Matthew Pearl: The Poe Shadow
One of the best detective stories I've read in years. Although I "read" it as an abridged six-hour audiobook while driving to Baltimore (where the story is set in the 1850s), I'm planning to read it again in unabridged print form just to savor the richness of its language.
Steve Berry: The Templar Legacy: A Novel
Though obviously written--or at least marketed--to capitalize on the DaVinci Code craze, this is a good thriller, with better character development than Brown's book.
Martin Lings: Sacred Art of Shakespeare: To Take Upon Us the Mystery of Things
An esoteric reading of Shakespeare's middle and late plays.
The Colours of Infinity: The Beauty, and Power of Fractals
A graphically beautiful collection of essays on fractals, with an included DVD of the 1995 "cult classic" film The Colours of Infinity.
Kurt Brown, editor: Verse & Universe
An astonishingly rich collection of poems about mathematics and science.

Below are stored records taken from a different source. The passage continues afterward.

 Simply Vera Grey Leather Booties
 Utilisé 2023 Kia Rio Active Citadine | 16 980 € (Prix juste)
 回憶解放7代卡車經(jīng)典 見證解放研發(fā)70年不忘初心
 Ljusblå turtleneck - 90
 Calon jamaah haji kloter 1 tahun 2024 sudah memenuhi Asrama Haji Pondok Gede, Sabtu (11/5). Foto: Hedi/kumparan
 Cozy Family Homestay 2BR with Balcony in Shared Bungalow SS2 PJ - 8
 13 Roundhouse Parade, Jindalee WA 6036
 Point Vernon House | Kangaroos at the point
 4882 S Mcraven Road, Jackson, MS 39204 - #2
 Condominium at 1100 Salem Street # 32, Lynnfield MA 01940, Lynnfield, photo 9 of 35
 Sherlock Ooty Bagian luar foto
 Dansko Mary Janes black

John Allen Paulos: Once Upon a Number: The Hidden Mathematical Logic of Stories
A mathematician explores the relationship between mathematics--especially statistics and probability--and narratives.
Fred Adams: Origins of Existence: How Life Emerged in the Universe
A physicist rhapsodizes (each chapter begins with a haiku) on the origins of life, from the Big Bang forward.
Rowan Williams: Writing in the Dust: After September 11
A meditation on being in New York on September 11, 2001, and the days after, by the current Archbishop of Canterbury.
Bernard Haisch: The God Theory: Universes, Zero-Point Fields, and What's Behind It All
An astrophysicist proposes an alternative to both dogmatic secular materialism and dogmatic religious fundamentalism.
Sandy Eisenberg Sasso: Naamah, Noah's Wife
A delightful children's book about the title character's efforts to save the world's plants as well as its animals.
Dava Sobel: The Planets
An entertaining history of humanity's relationship with the Solar System, "through the lens of popular culture."
Anthony Stevens: Jung: A Very Short Introduction
A highly readable introduction, part of a series I've found excellent before.
Kim Zetter: Simple Kabbalah
The best short introduction of several I've read, especially in this unabridged reading by Theodore Bikel.
Stephen Trimble: The People: Indians of the American Southwest
Recommended by my friend Jim Leehan, who works on the Navajo reservation, as background reading for our visit there.
Richard Smoley: Forbidden Faith: The Gnostic Legacy
An entertaining and engaging survey of gnostic traditions.
Joel R. Primack and Nancy Ellen Abrams: The View from the Center of the Universe : Discovering Our Extraordinary Place in the Cosmos
An astonishing effort to use myth and symbol to convey the state of current knowledge of the universe and humanity's "central" place in it.
Ervin Laszlo: Science and the Reenchantment of the Cosmos : The Rise of the Integral Vision of Reality
A readable essay on recent discoveries of interconnectedness among systems, with responses from thinkers from varied fields.
Stephen Greenblatt: Will in the World: How Shakespeare Became Shakespeare
A fascinating new life, drawing on a wider range of historical information than previous biographies.
Anonymous: Meditations on the Tarot
A profound modern classic of Hermetic Christianity.
Stephen Sicari: Joyce's Modernist Allegory: Ulysses and the History of the Novel
An illuminative reading of Ulysses based on Dante's concept of the "allegory of the theologians."